LLM for Zotero logo: a brain icon merged with the Zotero shield

llm-for-zotero brings Large Language Models into the Zotero reader, so you can ask questions, summarize papers, inspect figures, compare sources, and save notes without leaving your library. It works with standard API providers, local OpenAI-compatible models, WebChat, Codex App-Server, and Claude Code.

Documentation:

Screenshot of the llm-for-zotero sidebar inside the Zotero PDF reader

Screenshot of the llm-for-zotero sidebar inside the Zotero PDF reader

Table of Contents

At a Glance

  • Chat with the current PDF, selected text, figures, screenshots, and uploaded documents directly inside Zotero.
  • Get grounded answers with citations that jump back to the source passage.
  • Compare multiple open papers or add external files as extra context.
  • Save answers, full conversations, and research notes to Zotero notes or local Markdown folders such as Obsidian and Logseq.
  • Enable Agent Mode for library-wide read, search, tagging, metadata, import, note-editing, and organization workflows.
  • Use your preferred backend: API keys, local models, ChatGPT WebChat, Codex App Server, or Claude Code.

What's New

  • Codex App Server is the recommended Codex path for ChatGPT Plus users. It runs through the local codex app-server runtime and is configured from the Agent tab.
  • Claude Code Mode runs Claude Code as a separate conversation system inside Zotero through a companion local bridge. It is experimental and does not yet support native Zotero API operations.
  • Skills let you customize how Agent Mode handles research workflows. The plugin ships with 8 built-in skills and a portal for creating your own.
  • Standalone Window Mode opens the assistant in a dedicated window with paper chat, library chat, and conversation history.
  • File-Based Notes save Markdown notes to local folders, including Obsidian, Logseq, or any plain Markdown directory.
  • Cache-aware Agent Mode preserves stable paper context, prior read evidence, and coverage state across longer research turns, then compacts old transcript history automatically when the context window gets crowded.
  • Citation navigation now keeps citation labels conservative until page locations are verified, while quote-based citations can jump back to the matching Zotero passage.
  • MinerU PDF parsing provides higher-fidelity extraction for tables, equations, figures, and local mineru-api servers, with a richer file manager for bulk parsing, cache repair, sync packages, tags, and parsing filters.

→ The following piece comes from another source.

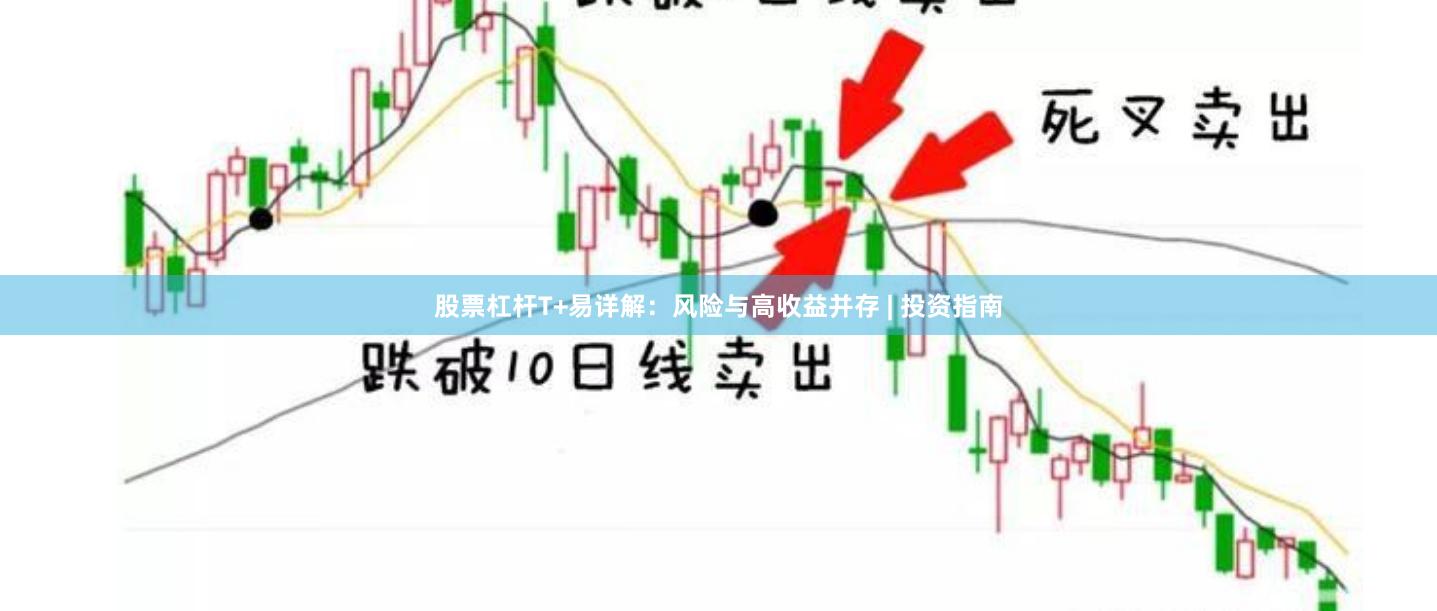 股票杠杆T+易详解：风险与高收益并存 | 投资指南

Thanks to @jianghao-zhang and @boltma for major contributions to the Codex App Server, Claude Code, and file upload workflows.

Quick Start

  1. Download the latest .xpi file from the Releases page.
  2. In Zotero, open Tools -> Add-ons -> gear icon -> Install Add-on From File, then select the .xpi.
  3. Restart Zotero.
  4. Open Preferences -> llm-for-zotero, choose a provider, enter the base URL, key, and model, then click Test Connection.
  5. Open a PDF in Zotero and click the LLM Assistant icon in the right-hand toolbar.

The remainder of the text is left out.